The VP Tat is critical for HIV transcriptional activation, and this effect depends on its binding to the TAR. We transfected HeLa cells with a mutated LTR reporter lacking the TAR element (−453ΔTAR), and analyzed the putative effect of VDR on activation of this construct. Figure 2 also shows that although the basal activity was reduced significantly, vitD3-induced trans-activation of this construct was similar to that obtained with the wild-type promoter, showing that such effect appears to be independent of the TAR element. The finding that this construct, as well as the −28HIV-luc construct, are responsive to vitD3 treatment, suggests that the −28 to 30 bp LTR region is sufficient to mediate the receptor effects.
Since VPs appear to cooperate with cellular transcription factors to induce HIV-1 transcription, we also examined whether a functional interaction between Tat and VDR to stimulate LTR activity occurred.
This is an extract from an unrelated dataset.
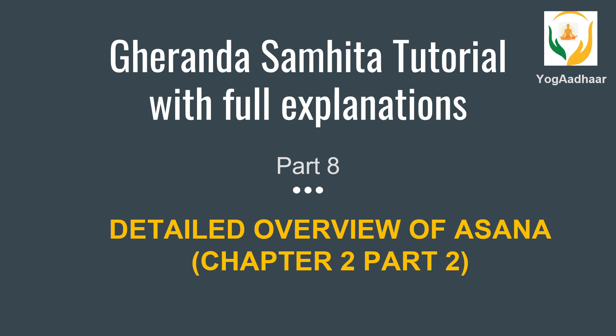Friends, welcome to Yogadha channel. You are watching part 8 of Gherand Samhita tutorial wherein we will discuss about chapter 2, that is asanas. Many asanas described in Gherand Samhita are not similar to the ones which we practice nowadays, so just go through them from the examination point of view.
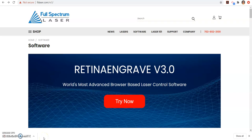In this video we're going to look at how you can use the Full Spectrum Retina Engrave 3.0 when you're not hooked up to your laser cutter or laser printer, to design and save a laser cut or laser engraved file so that you can just import your file and be ready to print when you hook up. You don't have to do a lot of adjustment once you get it loaded. This is really useful if you're at home or someone else is using the laser cutter and you want to make a file ready to go.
For this purpose, a native form of Tat was cotransfected with VDR and the −28HIV-luc promoter construct harboring the TAR element, and activity was measured in the absence and presence of 100 nM vitD3 (Fig. 3A). Expression of Tat caused a strong stimulation of reporter activity, and interestingly, in the presence of the VP the LTR was activated by vitD3 even in the absence of transfected VDR, showing that Tat was able to sensitize the cells allowing a ligand-dependent response through the endogenous receptor. The unliganded receptor was able to synergistically enhance activation by Tat, although in the presence of vitD3 further transactivation was not found indicating saturation of the system. The synergistic effect between the unoccupied receptor and Tat was also observed with the −28HIV-luc LTR reporter construct. However, the hormone increased the cooperative activation of this minimal reporter construct by these two proteins (Fig. 3B). In addition, the cooperation of VDR and Tat to activate transcription of this minimal reporter construct was not restricted to HeLa cells, since it was also observed in U937 cells, which, as indicated, could be a natural target for HIV infection (Fig. 3B).
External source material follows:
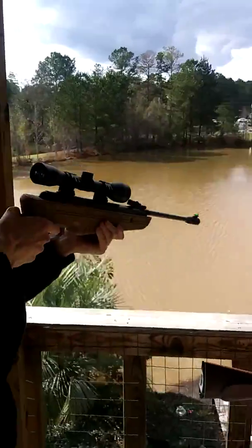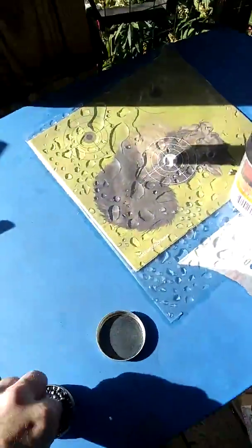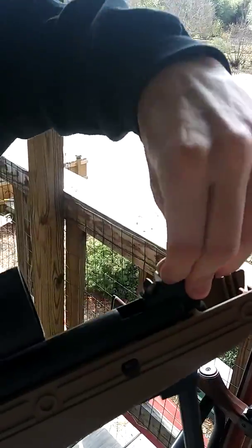Got a new air rifle. It's a Swiss Arms TG1. This is how we load it — you take 1.77, 4.5 millimeter pellets.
Influence of coactivators on HIV-1 LTR stimulation by VDR
To assess a possible role of nuclear receptor coactivators in regulation of HIV gene expression by VDR, we cotransfected the HIV-1 LTR luciferase reporter, and the receptor expression plasmid, with expression vectors for different known coactivators for VDR, such as (SRC-1), CREB-binding protein (CBP/p300) or vitamin D-interacting protein 205 (DRIP 205). In all the cases studied, the presence of the coactivator increased VDR-induced HIV-1 LTR transactivation in the absence of ligand (around 2.5-fold). In addition, such a cooperative effect was stronger in the presence of vitD3 (Fig. 4A). Interestingly, the synergistic effect between VDR and either SRC-1 or CBP/p300 was only observed on the complete HIV-1 LTR reporter construct. On several truncated forms of the HIV-LTR, such as −104, −77, ΔHRE or ΔNF-κB, VDR was not able to cooperate with the coactivators (data not shown), although it was still able to promote a very significant LTR transactivation in a ligand-dependent manner (see Fig. 2).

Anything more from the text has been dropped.